Backcourt: One of the Wildcat’s well-known traits is that, more than likely, the leading scorers are going to change from game to game. With recent wins against top-ranked teams such as Florida and Oklahoma State, that point has been illustrated well. Junior guard Will Spradling had a season-high 17 points against the Gators and senior guard Rodney McGruder scored 26 of his 28 points in the second half against Oklahoma State.
Add in Angel Rodriguez’s performances in non-conference play, and it makes it even more obvious. Facing a Kansas team that has one of the country’s top scorers in freshman Ben McLemore will offer the K-State back court plenty of challenges. Senior guards Travis Releford and Elijah Johnson anchor the Jayhawks’ backcourt and have helped guide Kansas back into the top five nationally. McLemore has yet to find consistency outside of the confines of Allen Fieldhouse and containing him will be imperative for the Wildcats.
Frontcourt: The development of Kansas senior center Jeff Withey has been one of the biggest stories in the past three seasons of college basketball. The senior has grown into one of the most productive big men nationwide and, most impressively, stays out of foul trouble better than most players at any position. After pairing with All-American Thomas Robinson one year ago, Withey has worked in the frontcourt with senior forward Kevin Young. Although skilled in multiple areas, Young hasn’t offered the Jayhawks as much as recent big men that have moved through the program.
The Wildcats have been using a smaller rotation this season, with senior center Jordan Henriquez and sophomore forward Thomas Gipson as the main contributors. Henriquez has been working as a reserve and that has forced junior forward Shane Southwell to guard multiple positions all around the floor. Withey has the capability of filling the stat sheet in multiple areas, and the Wildcats will have to limit his production.

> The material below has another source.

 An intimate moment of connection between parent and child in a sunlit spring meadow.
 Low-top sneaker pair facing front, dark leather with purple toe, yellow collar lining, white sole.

Reserves: In his opening season at K-State, Weber has spread minutes deep into his bench with 11 players averaging at least 11 minutes per game. The rotation has worked itself down in conference play, but the production of forwards Nino Williams and Jordan Henriquez is crucial to K-State’s success moving forward. Both players offer matchup difficulties at their respective positions, and when facing a team as talented as Kansas, playing within their individual roles will be vital.
Kansas will bring three off its bench and the top three reserves of each team will more than likely match up against one another on the floor. Sophomore point guard Naadir Tharpe is third on the team with 41 assists. All three players, Tharpe and freshman forwards Perry Ellis and Jamari Traylor, have faced inconsistencies and the senior experience of the Wildcats will be a determining factor.
Coach: After replacing Bill Self at Illinois in 2003, Bruce Weber took over an Illini program that Self is credited most with developing. The two coaches were able to face off in the 2011 NCAA Tournament, but with Weber now joining Self in the Big 12 Conference, the matchup will be watched even closer. Self carried an impressive 283-54 resume along with eight straight conference championships into this season, but his record moving forward against Weber will be scrutinized as much, if not more, than any other opposing coach in his Kansas tenure.
Prediction: Since an early December loss to Gonzaga, the Wildcats have established an ability to win by any means necessary. They may not all be pretty, but K-State has capitalized and has been able to win. With the program solidifying itself into the top 20, an opportunity to knock off the Jayhawks is available and the Wildcats will get it done. The senior trio of Rodney McGruder, Jordan Henriquez and Martavious Irving will provide the necessary push to give K-State a season-defining win in their final Wildcat campaign.